The heart of the book is devoted to the detailed study of eighteen separate psalms, selected primarily "because of their messages of divine assurance of the ultimate triumph of justice on the earth and the establishment of the peaceful kingdom of God." Most of them, such as Psalms 1, 15, 19, 24, 46, and 103, are favorites, but some less familiar ones are helpfully expounded, such as Psalms 7, 12, and 73.
The Psalms have long been a blessing to those who have been familiar with them and used them. In recent years, however, they seem to have been neglected in the Christian church.
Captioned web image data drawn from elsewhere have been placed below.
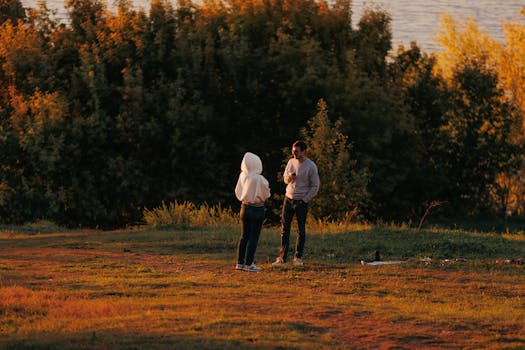 A couple stands on grassy terrain enjoying a warm autumn evening surrounded by lush trees.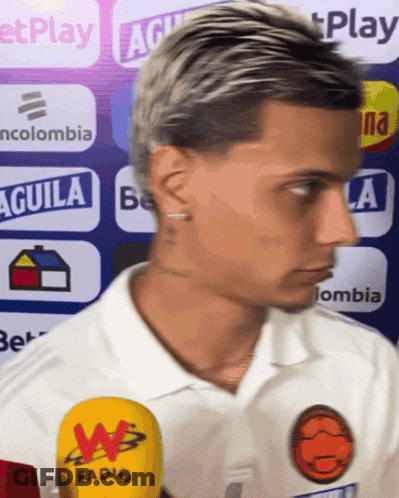 Man In White Shirt With Aguila Sign GIF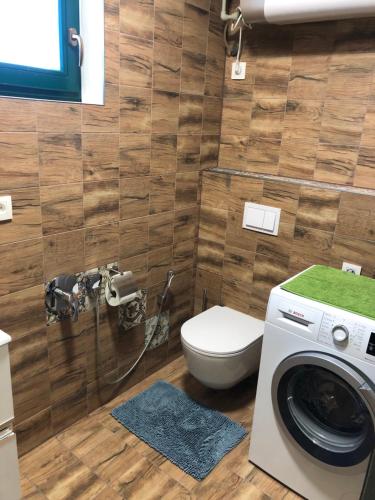 a bathroom with a toilet and a washing machine at Budha house in Lošonec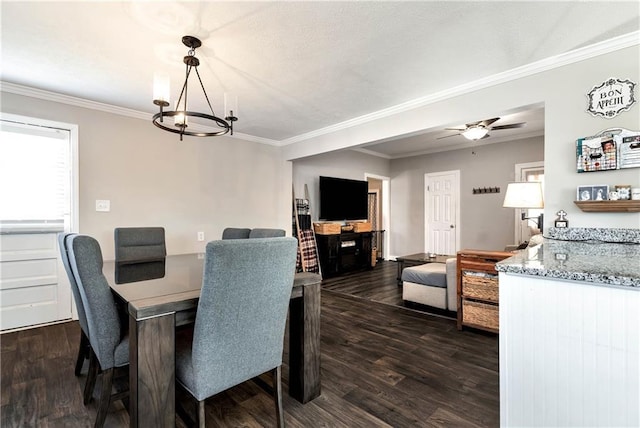 dining room featuring dark wood finished floors, ceiling fan with notable chandelier, and ornamental molding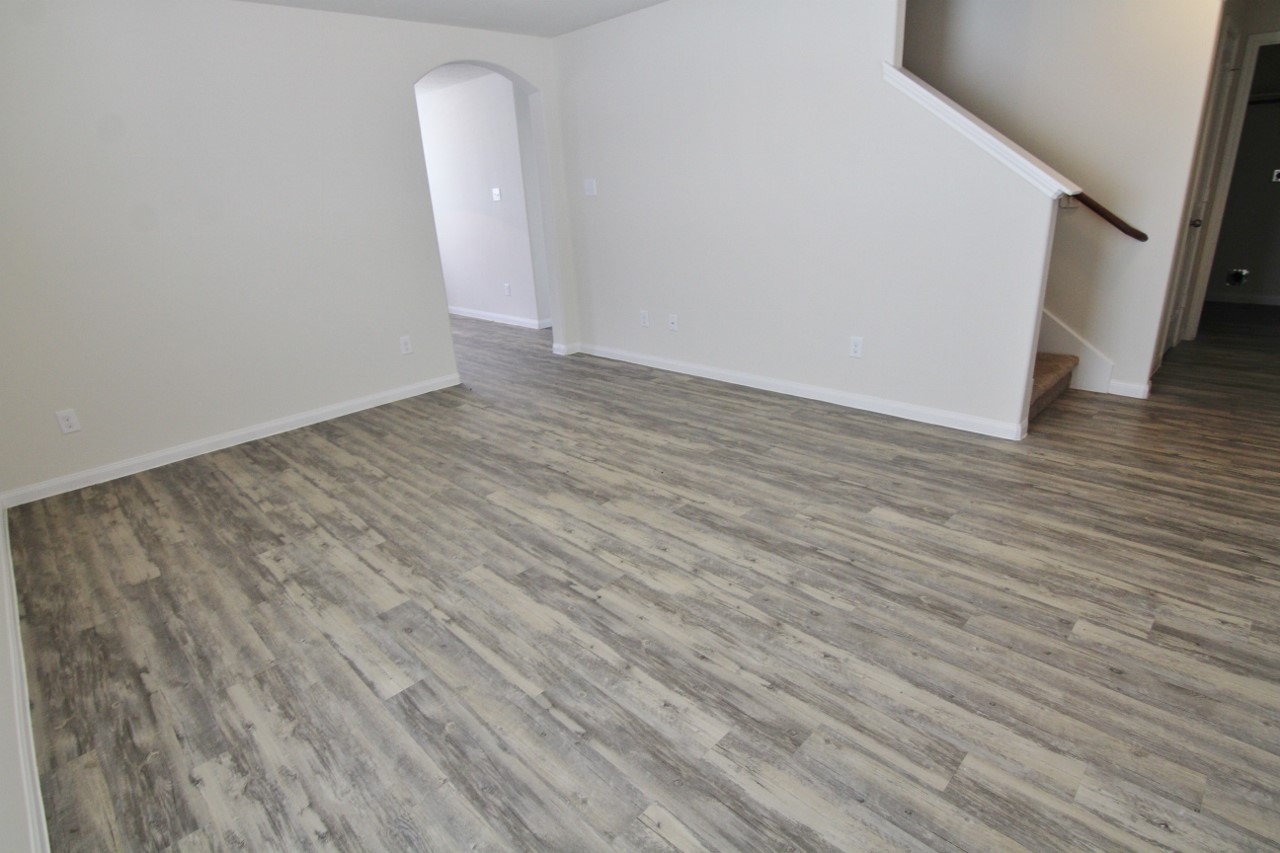 5486 Quail Cove Lane Houston, TX 77053 - Photo 2 of 7 an empty room with wooden floor and a sink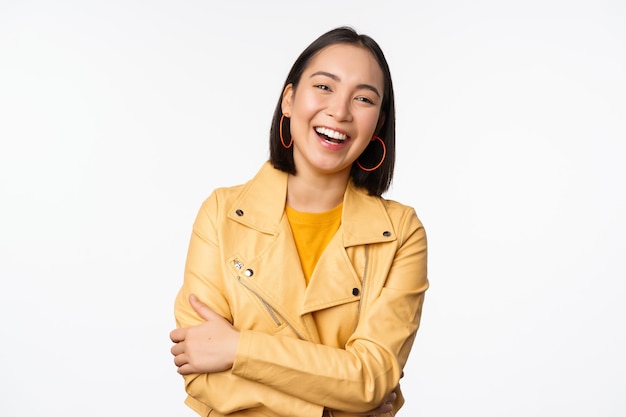 Imagen de una hermosa chica asiática moderna riéndose sonriendo y mirando feliz a la cámara de pie en una chaqueta amarilla contra el concepto de personas de fondo blanco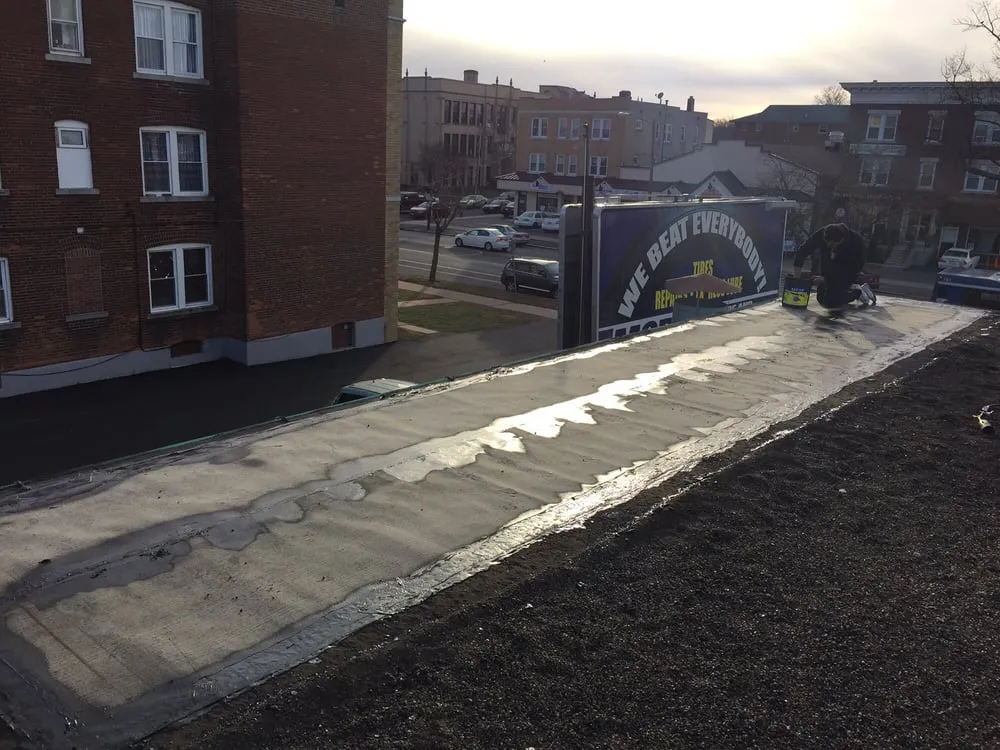 Slide of Ace Flat Roofing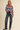 A woman modeling a fuzzy, oversized crewneck sweater with horizontal stripes in red, green, blue, pink, and cream, paired with dark blue jeans and dark flats, against a solid beige background.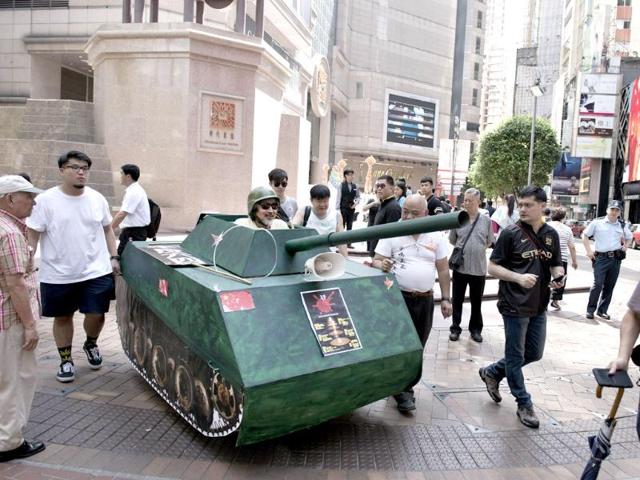 Activists walk with a replica of a Chinese tank in Hong Kong to commemorate the 1989 Tiananmen Square military crackdown in Beijing on pro-democracy protesters. Up to 200,000 people were set to take part in a candlelight vigil in Hong Kong on June 4 to commemorate the 25th anniversary of the bloody Tiananmen Square crackdown, as China seeks to wipe the incident from memory. (AFP photo)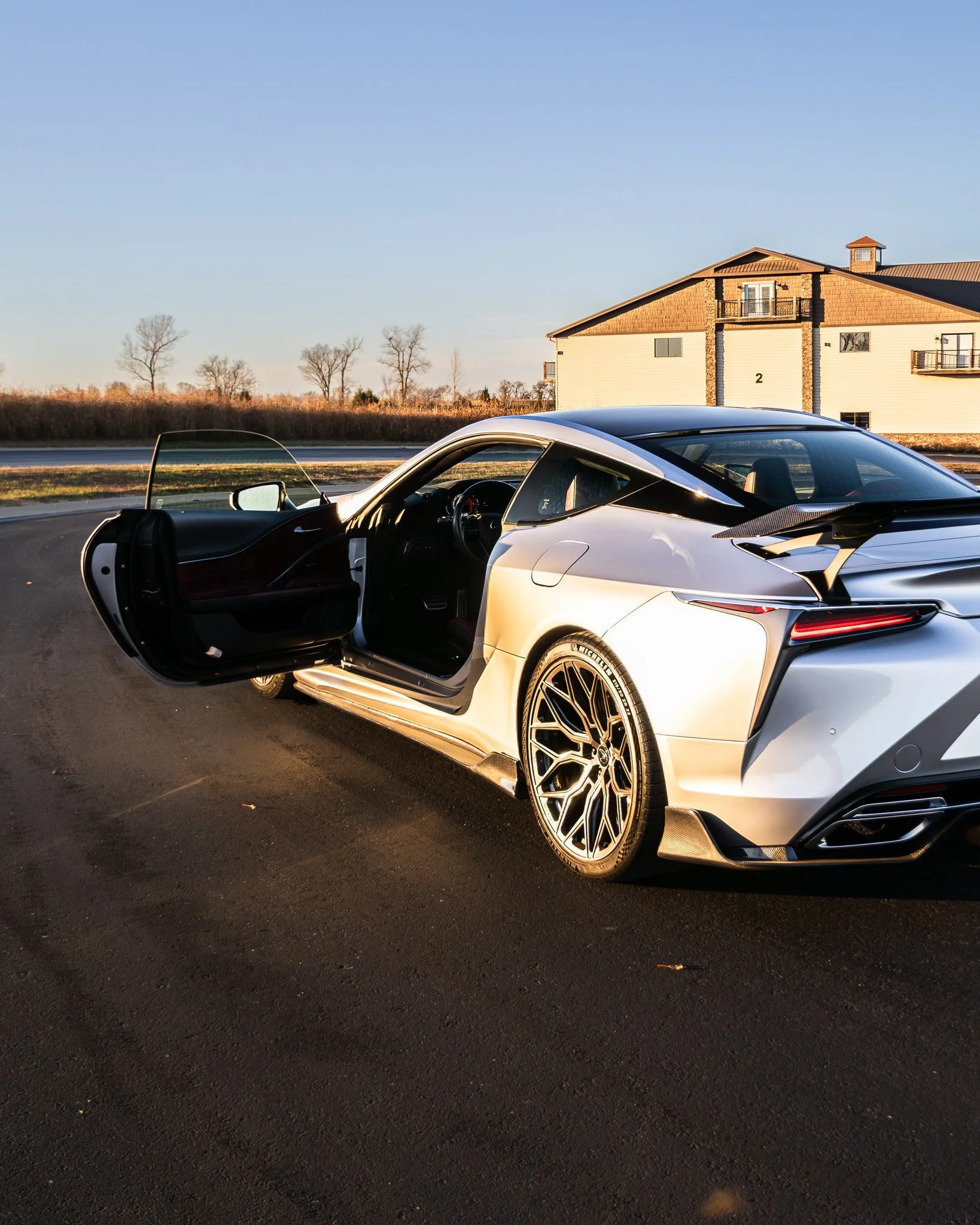 A silver sports car parked on an asphalt road with its driver's side door open, a modern house and leafless trees in the background, during late afternoon or early evening.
Here is a good book for leading one's congregation back into and through the vibrant testimonies of God's children of long ago who experienced the same sorrows and joys as His saints of today.
Adventures in Church Growth
Roger L Dudley and Des Cummings, Jr., Review and Herald Publishing Association, 1983, 155 pages, $8.95, paper. Reviewed by Russell Holt, executive editor, MINISTRY.
Since late 1979 the Andrews University Institute of Church Ministry, under the directorship of the authors of this volume, has been studying the dynamics of church growth in the North American Seventh-day Adventist Church. Why do certain Adventist congregations grow, while others decline? What kinds of people join the church? Who leaves, and why?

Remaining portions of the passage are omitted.